___ Supplied material

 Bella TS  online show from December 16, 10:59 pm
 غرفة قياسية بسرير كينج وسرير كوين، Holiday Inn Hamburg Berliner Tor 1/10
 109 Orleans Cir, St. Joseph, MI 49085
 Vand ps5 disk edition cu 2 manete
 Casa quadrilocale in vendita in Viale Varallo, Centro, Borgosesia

______
___ Supplied material

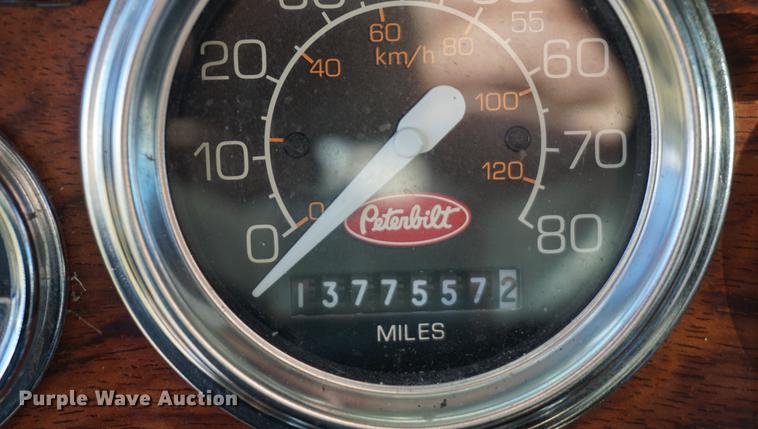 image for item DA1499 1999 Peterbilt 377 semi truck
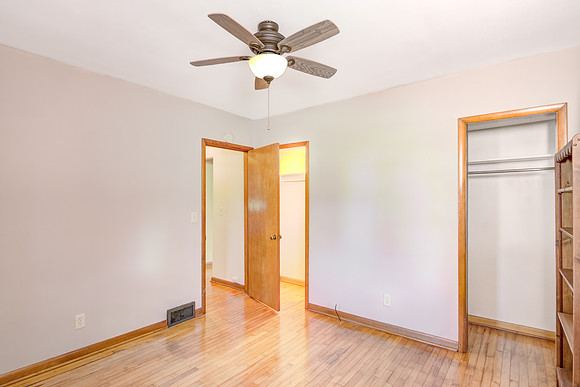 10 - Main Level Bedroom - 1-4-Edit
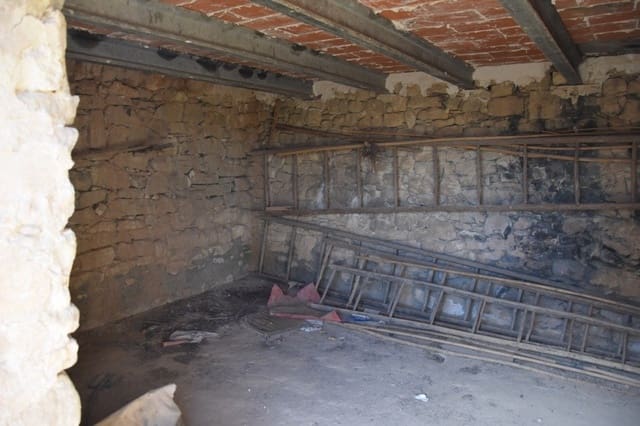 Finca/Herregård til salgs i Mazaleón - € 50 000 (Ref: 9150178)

______
___ Supplied material

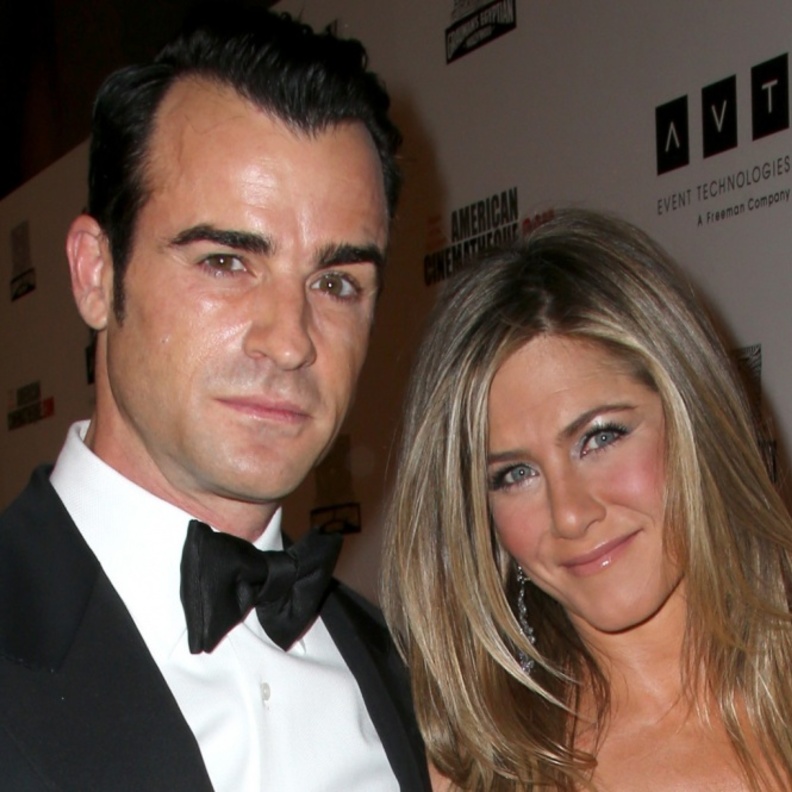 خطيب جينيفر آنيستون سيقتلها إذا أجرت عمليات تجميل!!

______

Assignment: Copy only this part of the entries above: the line with "Vand ps5 disk edition cu 2 manete", the line with "Casa quadrilocale in", and the lines between, all exactly as written.

Solution below:
 Vand ps5 disk edition cu 2 manete
 Casa quadrilocale in vendita in Viale Varallo, Centro, Borgosesia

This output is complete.